The arts and humanities college at the University of Maryland is searching for its next dean. The college’s current dean, Bonnie Thornton Dill, will be stepping down in June after nearly 11 years in the position, according to a departmentwide email.
The college alerted its students of Dill’s departure last week and invited them to provide their input on what they would like to see in their new dean. The college hosted a discussion last Thursday to get input from the student body as the university begins searching for candidates for the role.
At this point, Dill has not announced if she is leaving the university, only that she is not retiring, just leaving her position as dean, said university spokesperson Hafsa Siddiqi.
The arts and humanities college has not made an official announcement about Dill’s departure.
Dill has been a professor at this university for over 30 years, starting in 1991. She has been a professor of women’s studies and an affiliate professor of sociology. She also served as the chair of the women, gender, and sexuality studies department for eight years.

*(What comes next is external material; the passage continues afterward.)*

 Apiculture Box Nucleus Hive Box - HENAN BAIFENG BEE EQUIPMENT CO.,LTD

Deans at this university are appointed for five-year terms. There is a review during the fourth year of their term. In January 2021, the provost extended Dill’s term for one additional year, until June 30, 2022.
It is uncommon for deans to serve more than 10 years, Siddiqi added.
“Over the past decade, Dean Dill has provided exceptional leadership to the College of Arts and Humanities,” Provost Jennifer Rice said. “As a fellow dean for many years, I was inspired by Dean Dill’s commitment to bringing the arts to all, and ensuring that the humanities are integrated into all areas of study across the university.”
Gregory Ball, dean of the behavioral and social sciences college, will chair the 20-person committee searching for Dill’s replacement.
CORRECTION: Due to a reporting error, a previous version of this story misstated the month in which Dean Bonnie Thornton Dill is set to step down from her position in the art and humanities college. She is stepping down in June, not in May. This story and its headline have been updated.